Maybe your AI handles complex queries well but fails on simple ones. Maybe it works perfectly on common cases but hallucinates on edge cases. Maybe it's reliable Monday through Thursday but degrades on Friday afternoon data.
You can't know until you test. And you can't stop testing because the frontier moves.
The Expertise Requirement
Here's the trap: the jagged frontier requires expertise to navigate. But AI's ease of use tempts organizations to skip the expertise.

"Just use ChatGPT" works until it doesn't. And when it doesn't, you need someone who can tell the difference between a good output and a confident hallucination.
That someone needs domain knowledge. Real expertise. The kind that takes years to develop.
Organizations that eliminate experts to cut costs don't just lose efficiency. They lose the ability to supervise the AI that replaced the experts.
The jagged frontier is why Path A works and Path B fails.
When humans provide context first, they're mapping the edges. Learning where AI works and where it doesn't. Building the judgment to supervise effectively.
When AI generates first, humans lose that map. They accept outputs without knowing which ones crossed the jagged line into failure territory.
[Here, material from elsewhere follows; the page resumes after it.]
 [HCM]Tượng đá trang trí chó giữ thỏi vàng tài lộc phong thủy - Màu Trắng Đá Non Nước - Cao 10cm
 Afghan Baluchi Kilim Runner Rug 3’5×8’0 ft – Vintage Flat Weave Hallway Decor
The frontier is jagged. The only way to navigate it is expertise. The only way to build expertise is practice.
Same technology. Completely different safety profiles. The difference is who's doing the thinking.
"AI passes the bar exam but can't count syllables. The failures aren't random. But they're not predictable either. The only defense is expertise you're tempted to eliminate."
This post explores the Jagged Frontier, one of three dynamics from The Context Flow. You can't predict where AI fails. You have to test.